Palestinian allies protest outside weapons manufacturer in Niles; 33 arrested

Thirty-three people were arrested and more than 60 police officers stood by with rifles and K-9s as a few dozen protesters chanted Wednesday outside the Niles offices of Woodward, Inc., which manufactures guidance systems for missiles and bombs, according to its website.

As a helicopter flew overhead, protesters beat a drum, chanted slogans and contended Woodward is making components of the bombs being used on Gaza, according to information from a U.S.-based nonprofit group, they said.

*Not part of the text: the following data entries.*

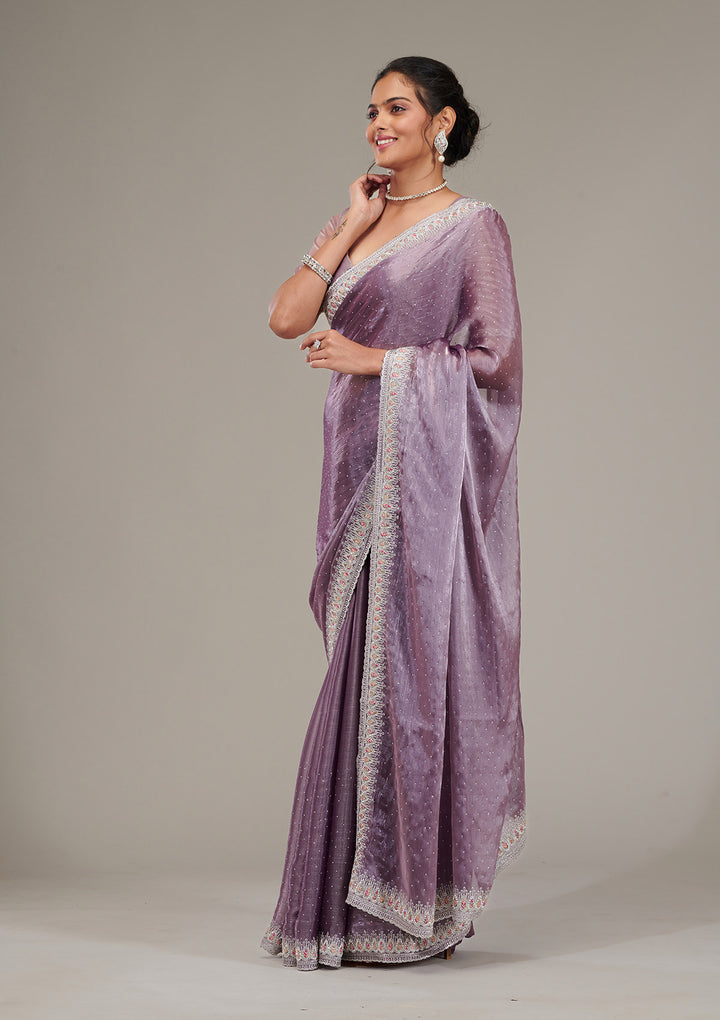 Purple Stonework Chiffon Saree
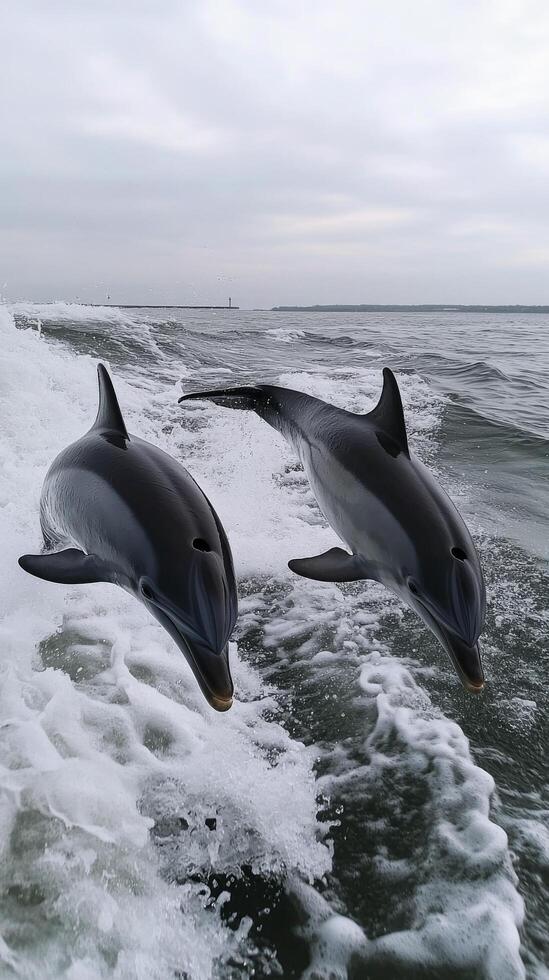 Dolphins leap through the waves near a boat in a foggy ocean setting during a calm morning photo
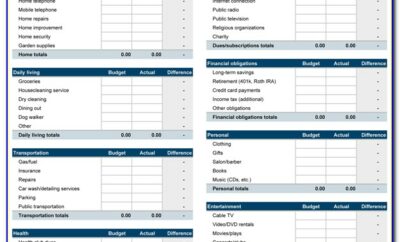 Free Printable Budget Worksheet Template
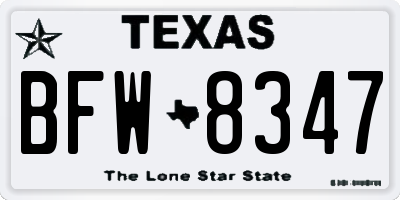 TX license plate BFW8347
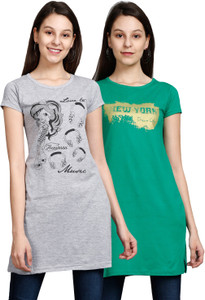 Fleximaa Casual Short Sleeve Printed Women Green, Grey Top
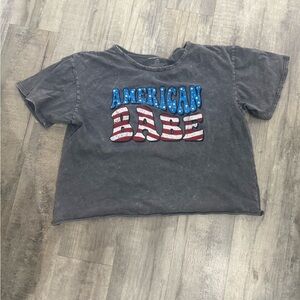 Caution To The Wind American Babe cropped Tee - Charcoal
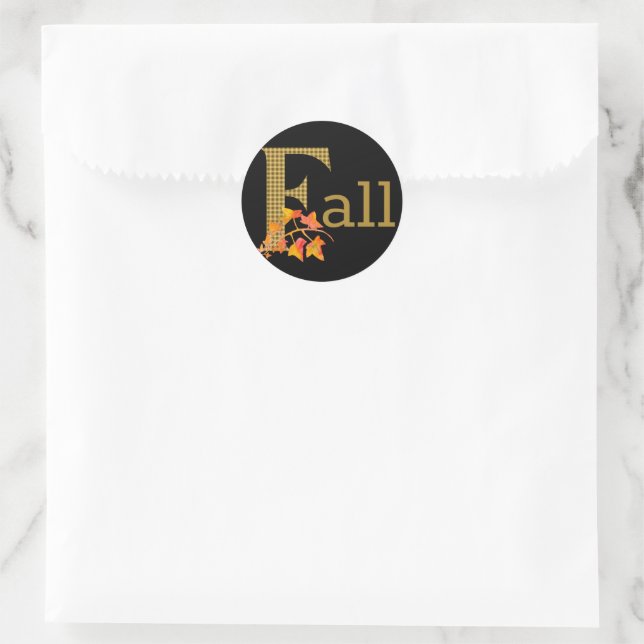 Sticker Rond Art De Mot D'Automne Plaid (Sac)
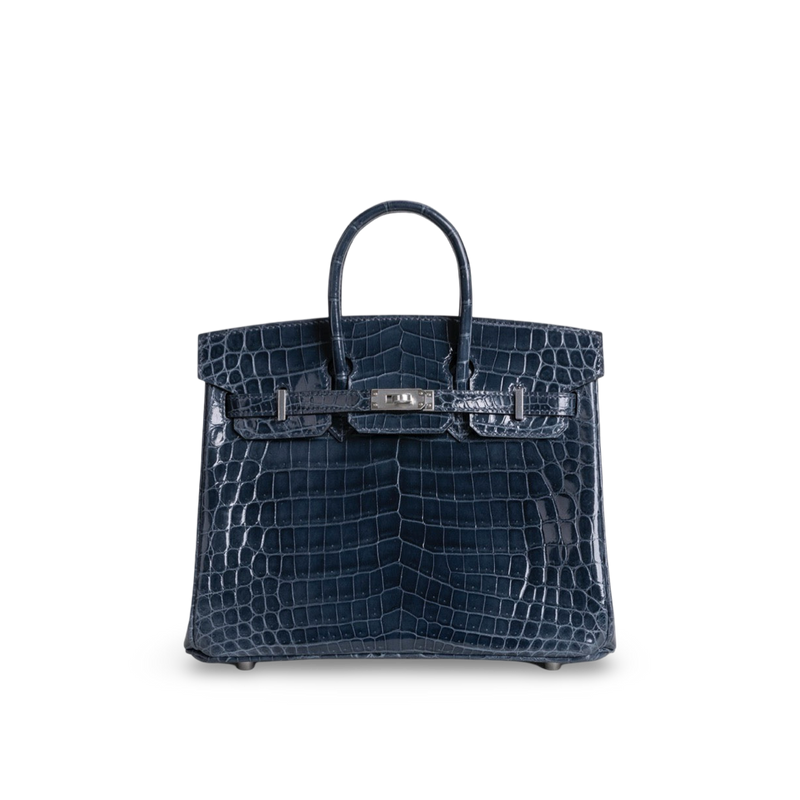 BIRKIN 25 SHINY NILOTICUS CROCODILE LEATHER BLEU TEMPETE WITH PALLADIUM HARDWARE (PHW)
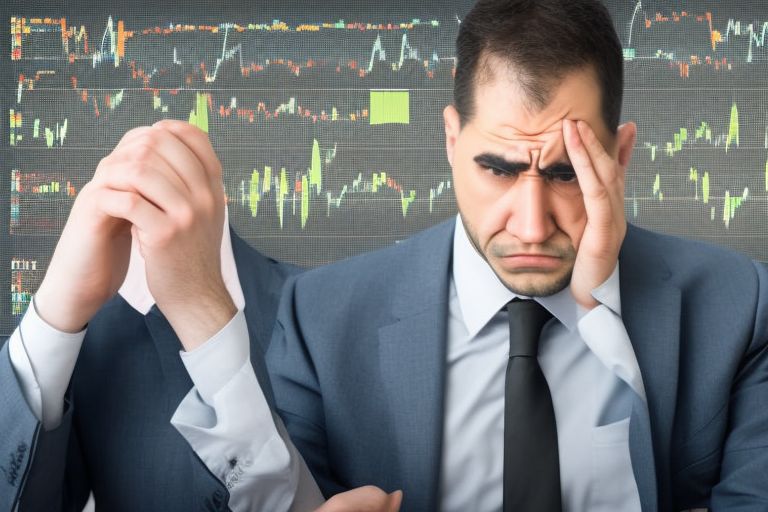 A photo showing an investor looking at a graph representing various cryptocurrency values against each other with a worried expression on his face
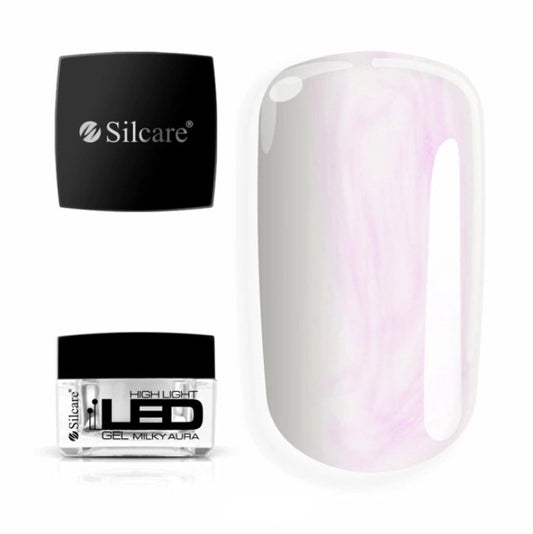 Silcare High Light LED Milky Aura UV/LED builder gel jar with black lid displayed beside a large colour swatch, showcasing a translucent milky white finish with luminous pink and pearl iridescent aura reflections. Professional self-levelling builder gel for elegant salon-quality nail extensions and overlays – Silcare Australia.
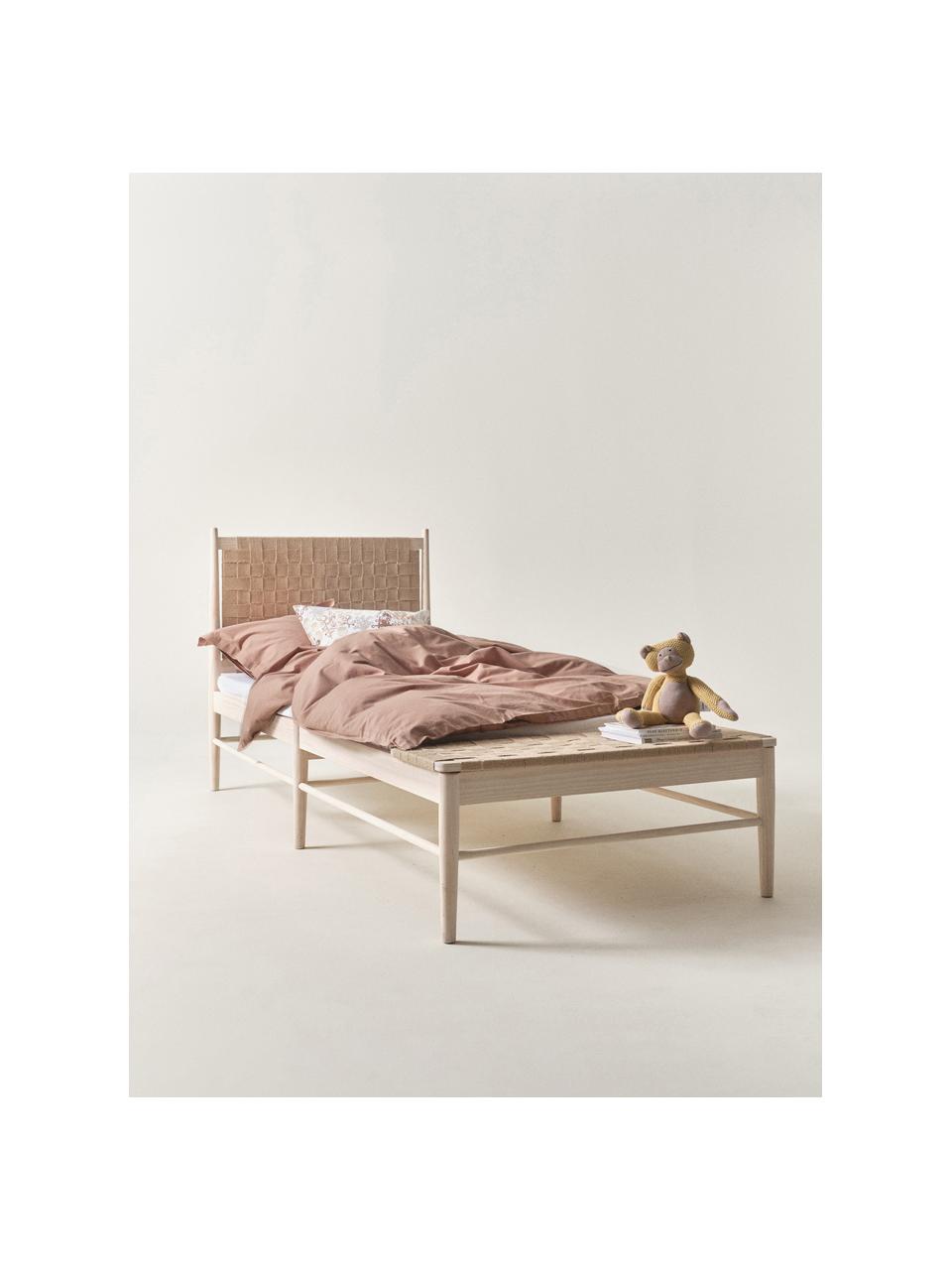 Houten bed Köpenhamn met hoofdeinde van jute vlechtwerk, Frame: grenenhout met essenhoutf, Poten: essenhout, Essenhout, beige, B 160 x L 200 cm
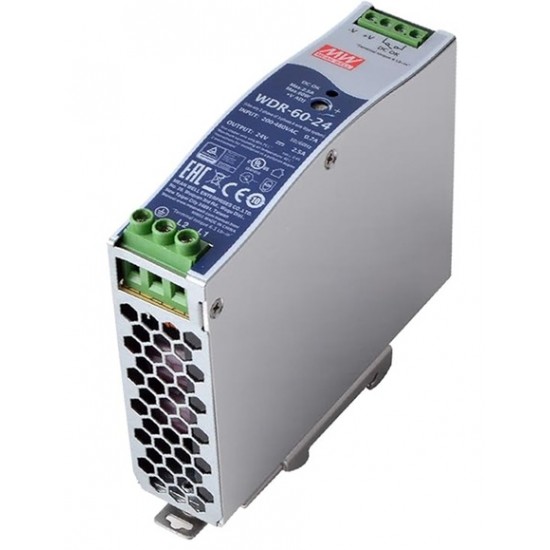 Mean Well WDR-60-12 12V 5A 60W DIN Rail Switching Power Supply (SMPS)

Police blocked off a section of Howard Street between Caldwell and Lehigh Avenues in Niles, a normally quiet industrial area, for several hours, preventing traffic and employees from getting in and out of businesses there.

Woodward, Inc. officials did not immediately respond to a request for comment.

Jinan Chehade of Chicago, one of the protest organizers, said the group gathered at 6 a.m. when Woodward workers’ shifts started and tried to block employees and deliveries from getting in.

About 100 people of various ages and ethnicities, from a collaboration of organizations, joined the protest at some point, Chehade said.

More than 27,000 people have died in Gaza since the Israel-Hamas war began Oct. 7, according to the Associated Press.

“This is important because when we see news on TV, it’s easy to construe it as a faraway war, but the bombs being dropped on Gaza are made in our backyard,” Chehade said.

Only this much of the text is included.